Son günlerde Türkiye Cumhuriyet Merkez Bankası (TCMB) Başkanı Fatih Karahan’ın yaptığı açıklamalar, asgari ücret konusundaki tartışmaları kamuoyunun gündeminde ön sıralara taşıdı. Bu bağlamda, iktisatçılardan asgari ücretin gerçekleşen enflasyona göre artırılması yönünde güçlü çağrılar geldi.
118 iktisatçının ortak imzaladığı bir açıklamada, Türkiye ekonomisinde uzun süredir devam eden yüksek enflasyon sorununun, dar gelirli vatandaşları ve asgari ücretle çalışanları ekonomik açıdan daha da kırılgan hale getirdiği, dolayısıyla yaşam standartlarının ciddi bir şekilde düştüğü ifade edildi.
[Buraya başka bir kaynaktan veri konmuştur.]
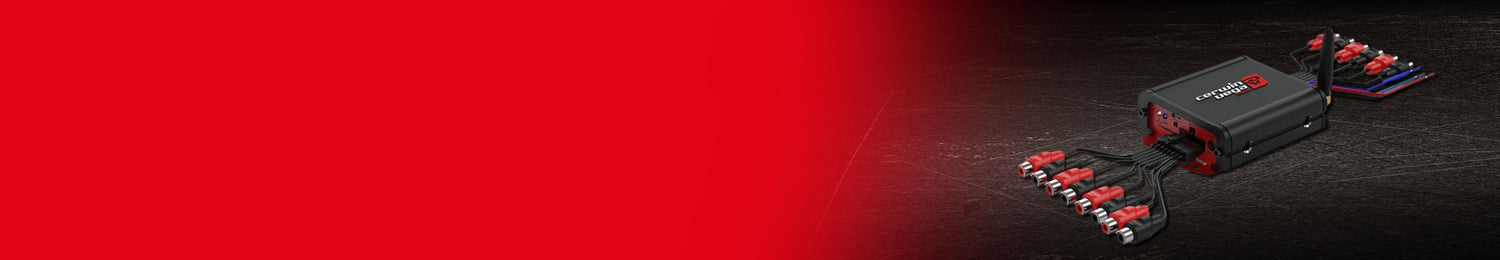 DSP PROCESSORS - Cerwin Vega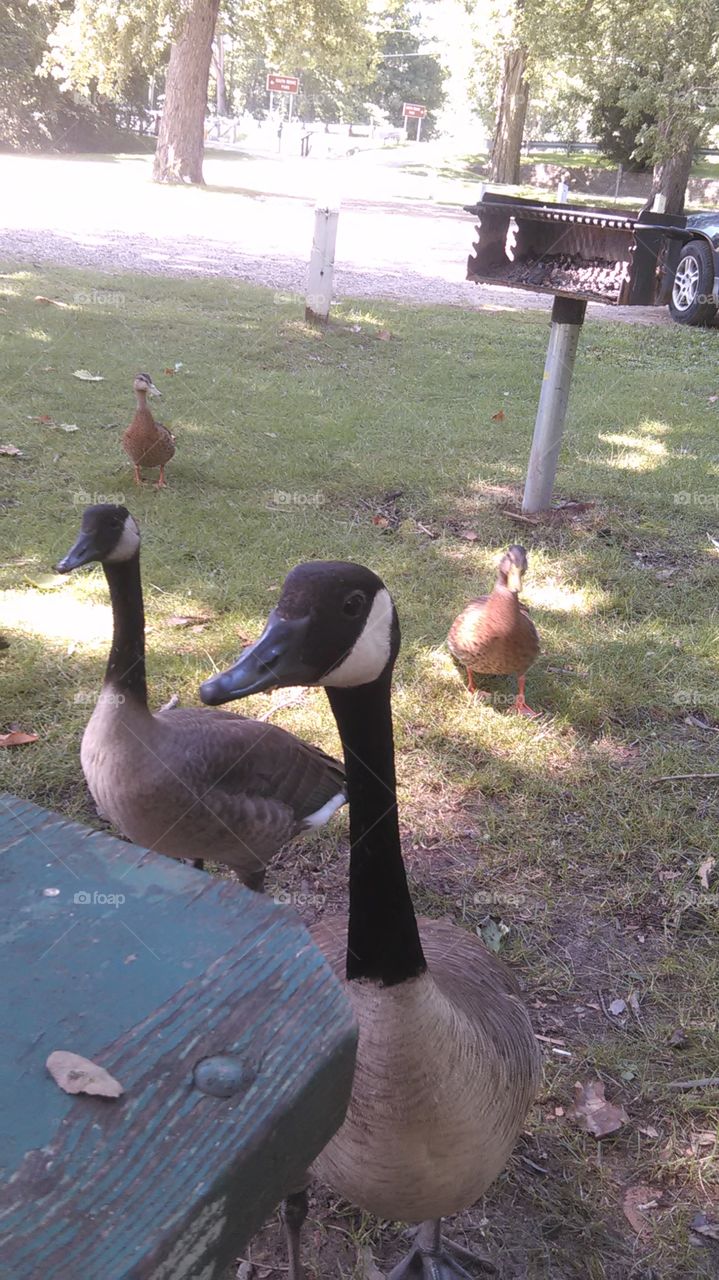 Canadian Geese and Duck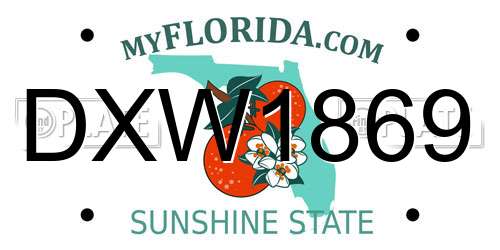 DXW1869 Florida License Plate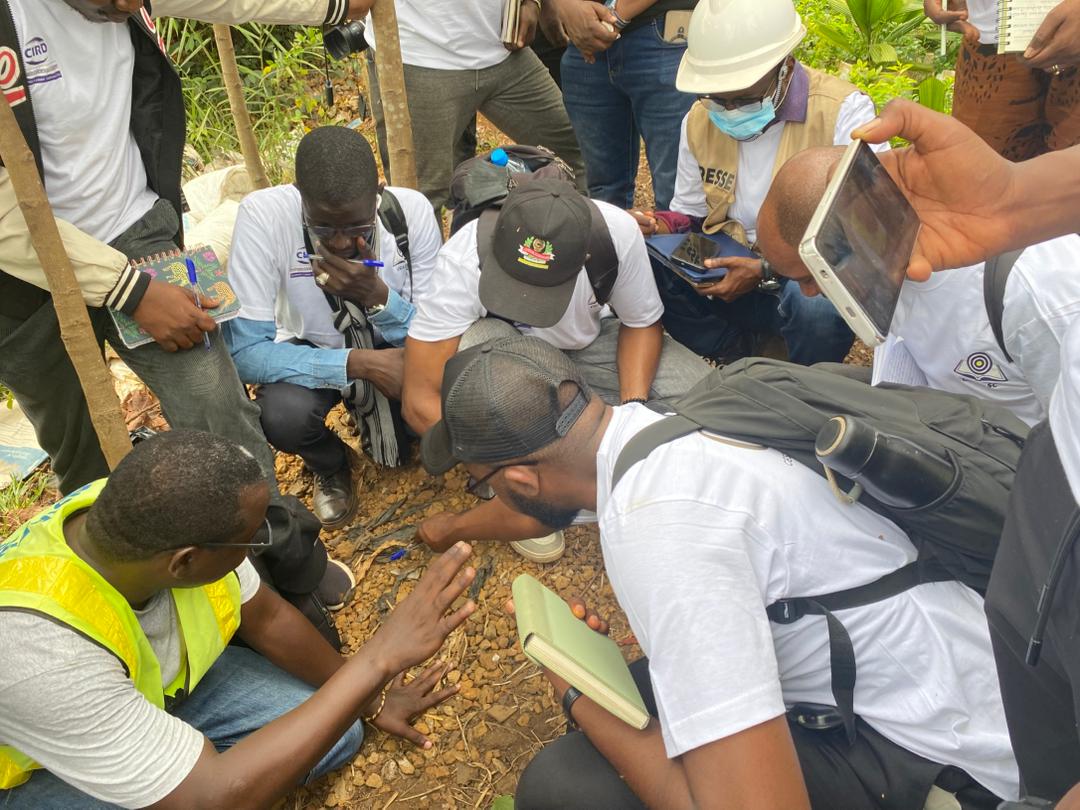 Protectiin du patrimoine national : La forêt de Kakimbo, entre vérités scientifiques et urgence de préservation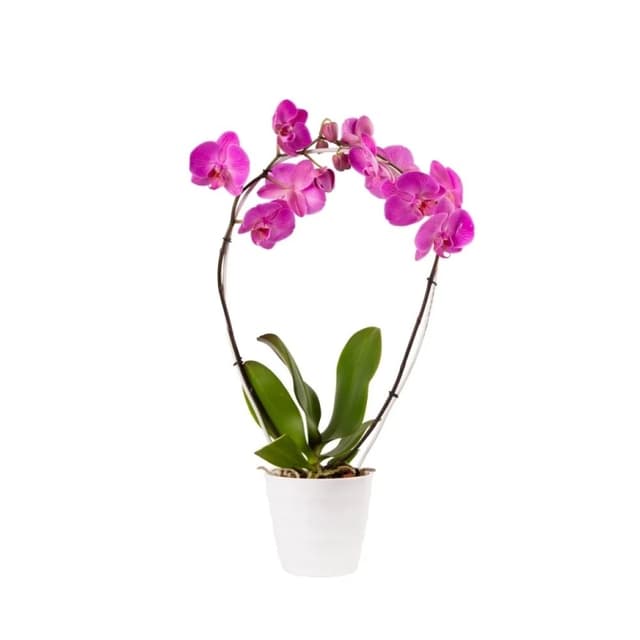 Pink Orchid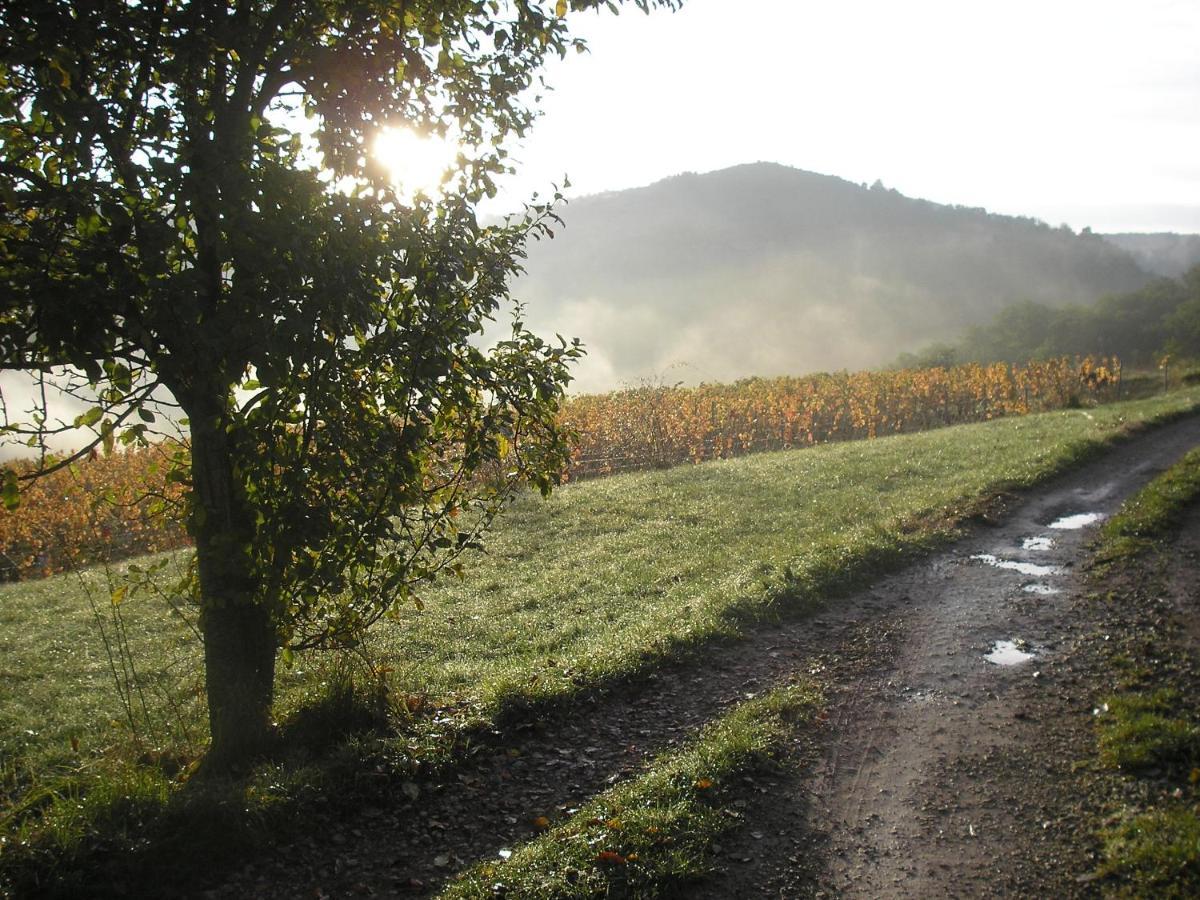 Maison Isolee Dans Les Vignes Et Les Bois Valady Exterior foto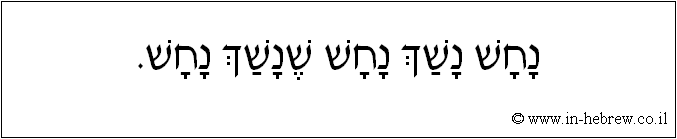 עברית: נחש נשך נחש שנשך נחש.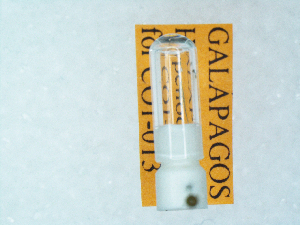  (Hypenopsis sp. n - GALAPAGOS-Hypenodinae-CO1-13)  @11 [ ] Unspecified (default): All Rights Reserved (2019) Jean-Francois Landry Canadian National Collection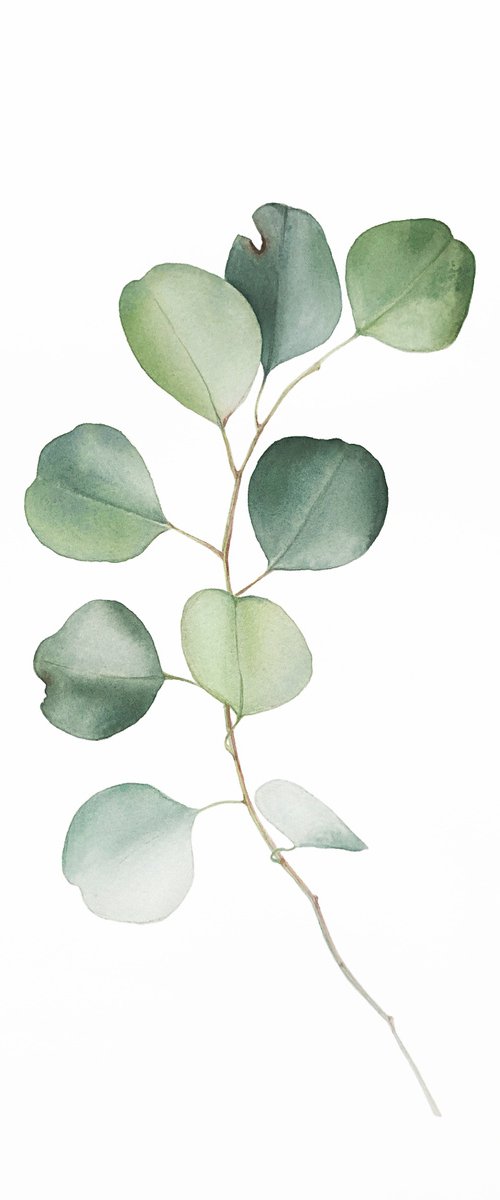 Eucalyptus branch. Original watercolour artwork. by Nataliia Kupchyk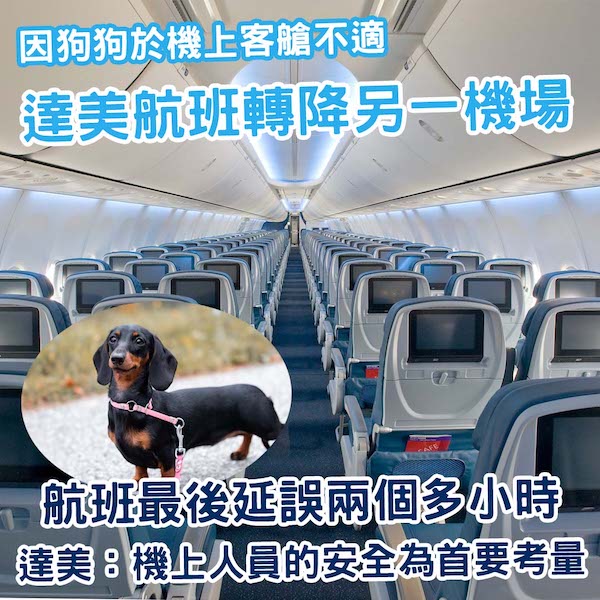 狗狗於機上突然出現嚴重不適 達美航班為牠改道
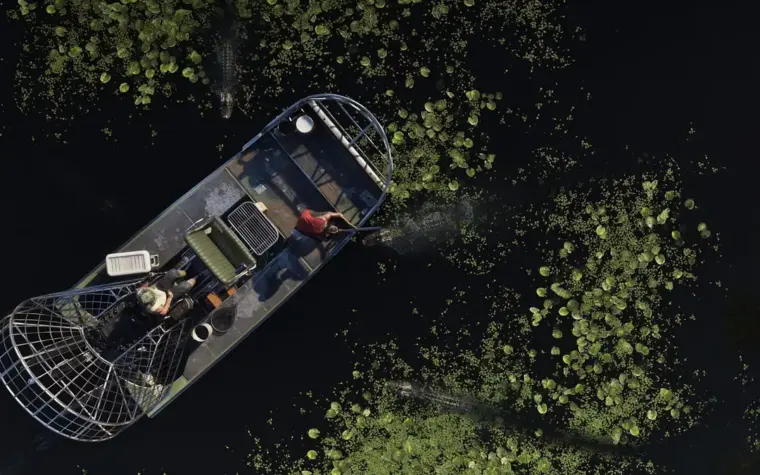 GTA VI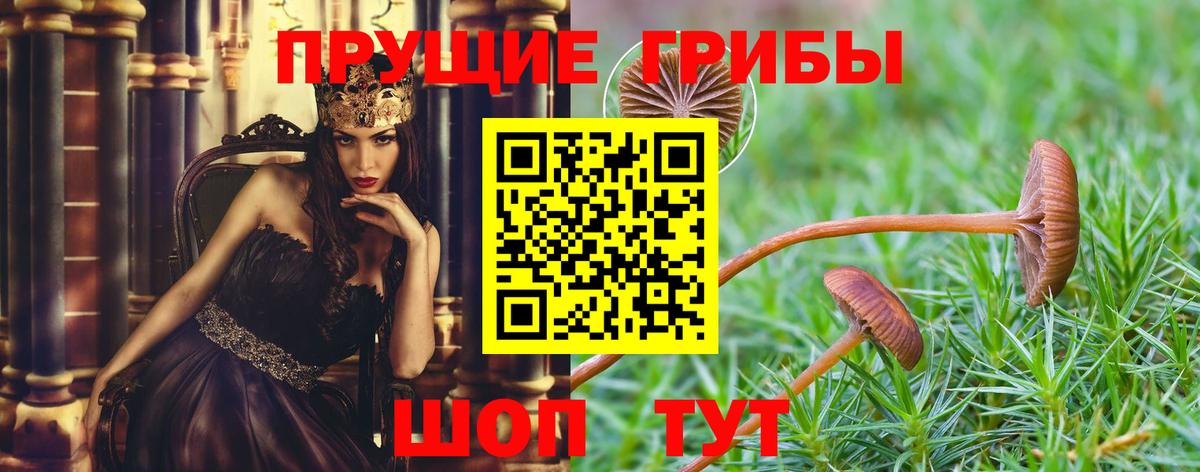Нижний Новгород  Галлюциногенные грибы Cubensis  Вход с VPN  Псилоцибиновые грибы GOLDEN TEACHER 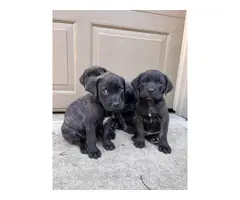 4 English Mastiff Puppies Ready for New Homes - 2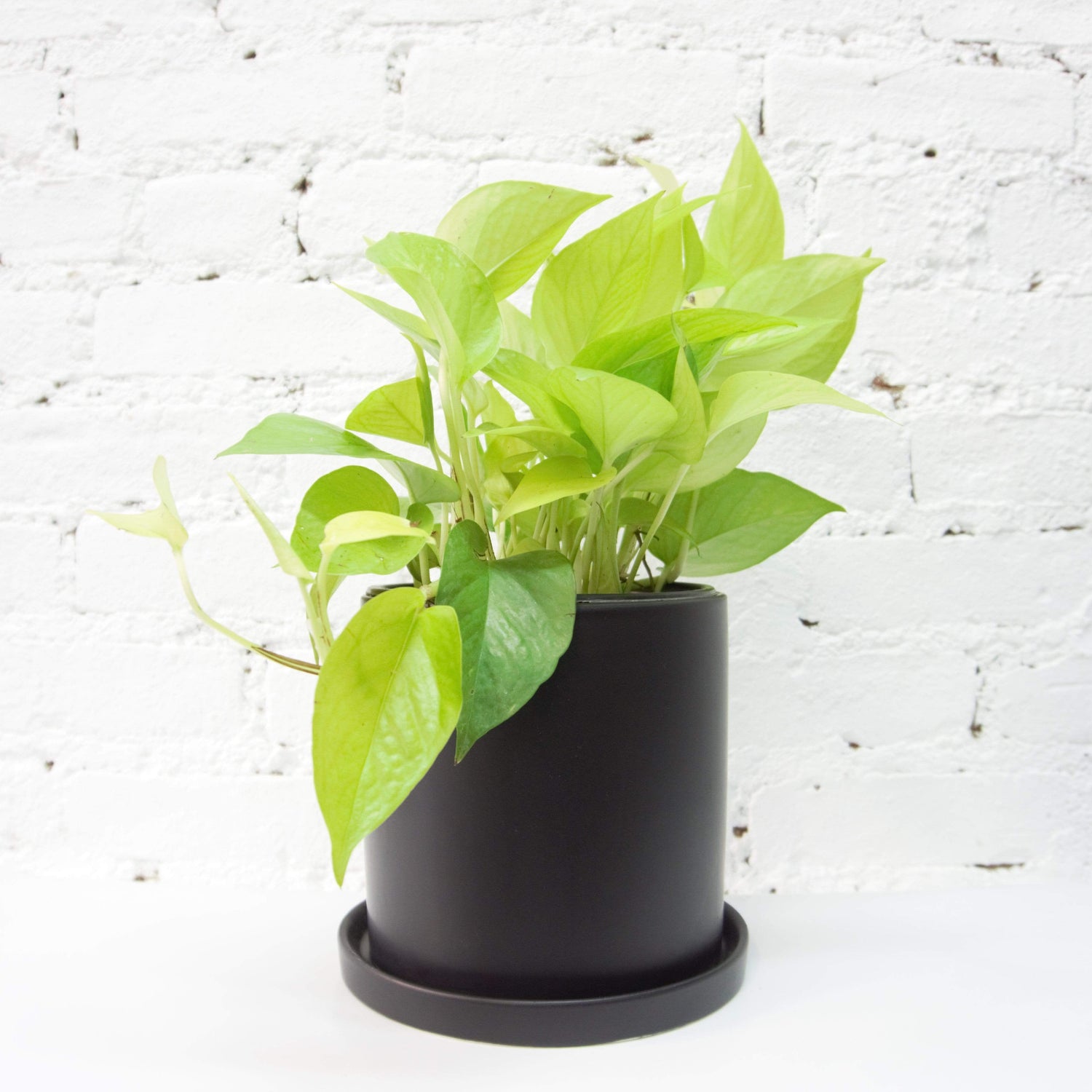 neon pothos plant for sale Buy Medium Neon Pothos Online | Low Light House Plant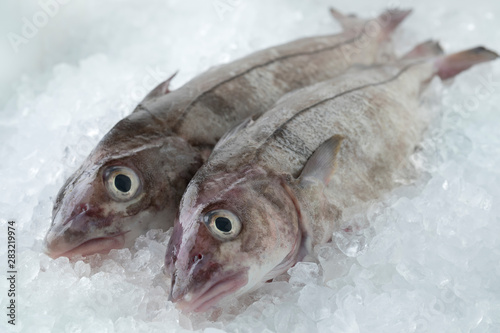 Foto Fresh raw whole haddock fish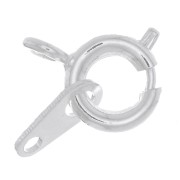 Fermoir à ressort 6 mm avec attache tag argenté x144|raw }}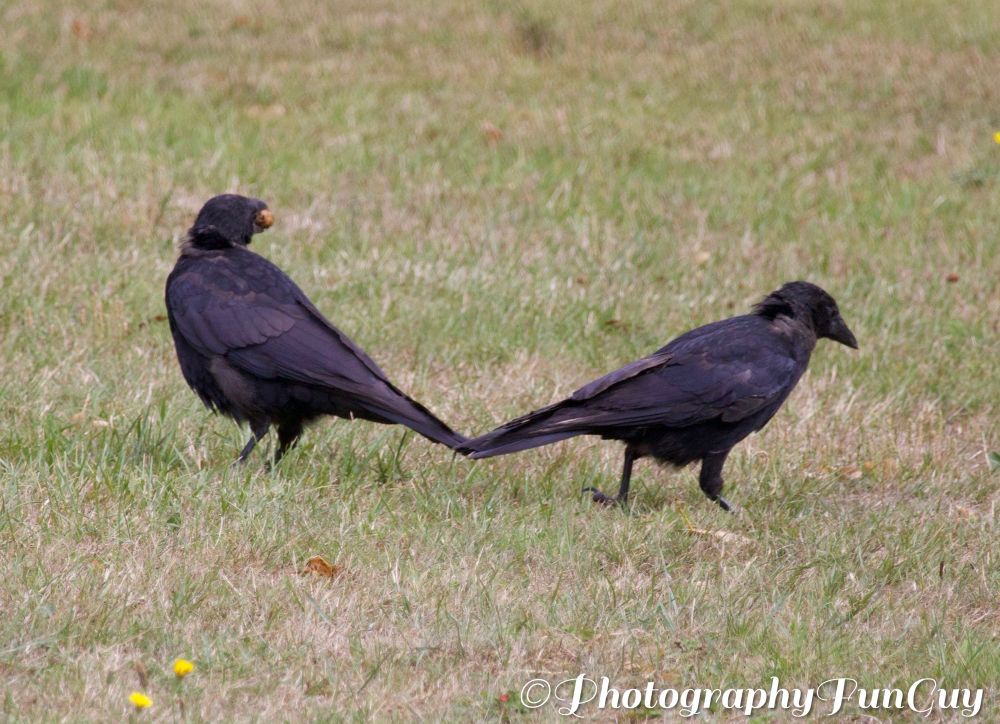 The picture shows two black crows standing on a grassy field. One crow is holding a small object, possibly food, in its beak. The grass is a mix of green and dry patches, with a few small yellow flowers visible. The scene appears to be outdoors in a natural setting.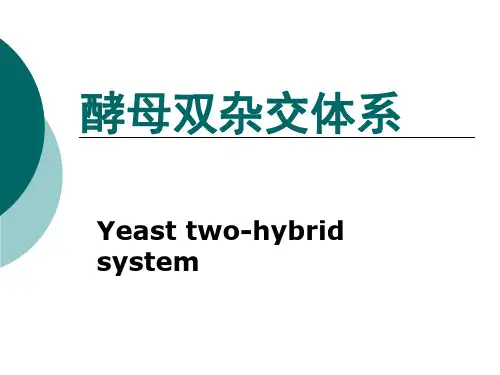 酵母双杂交体系Yeasttwo-hybridsystem酵母双杂交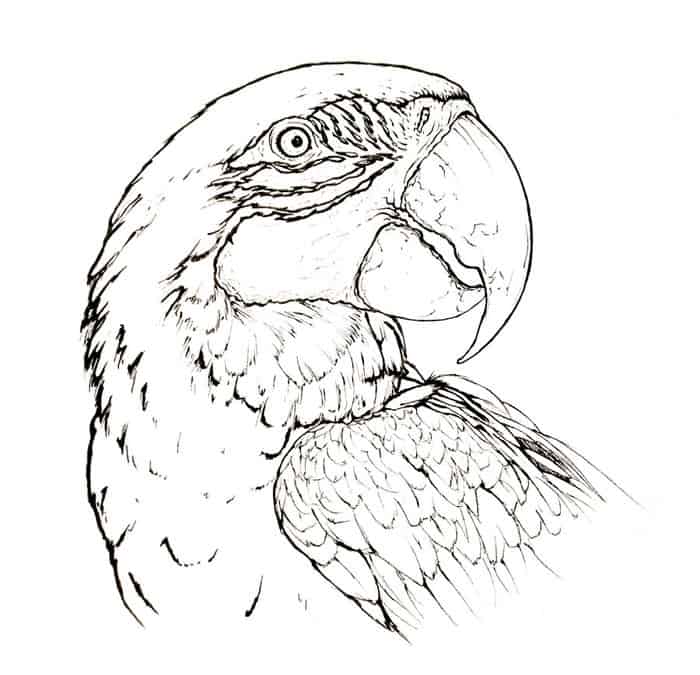 Adult African Grey Parrot Coloring Pages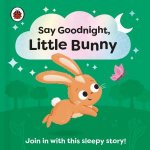 Say Goodnight Little Bunny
Açıklamada, son dönemde uygulanan para ve maliye politikalarının, enflasyonla mücadele hedefi doğrultusunda şekillendirildiği vurgulandı. Ancak Temmuz ayında asgari ücret artışından kaçınılması ve 2025 için öngörülen artışın, gerçekleşen enflasyon yerine yalnızca yüzde 25’lik beklenen enflasyon oranı baz alınarak belirlenmesinin, bilimsel ve sosyal açıdan kaygı verici olduğu belirtildi.
Ortak açıklamada imzası bulunan iktisatçılar, enflasyonla mücadelenin toplumsal maliyetinin adil bir şekilde dağıtılması gerektiğini, asgari ücretlilerin alım gücünün korunmasının sosyal devletin bir gerekliliği olduğunu ifade ederek, gerçekleşen enflasyon oranının altında yapılacak ücret artışlarının gelir dağılımını daha da bozacağını ve enflasyonla mücadelenin başarısının dar gelirlilerin yaşam standartlarının düşürülmesi pahasına sağlanamayacağını vurguladılar.
Bu çerçevede iktisatçılar, ekonomi politikasını yönetenleri asgari ücret artışlarında gerçekleşen enflasyon oranının dikkate alınması ve gelir dağılımını da gözeten bütüncül bir ekonomi politikası izlenmesi konularında acilen adım atmaya davet ettiler.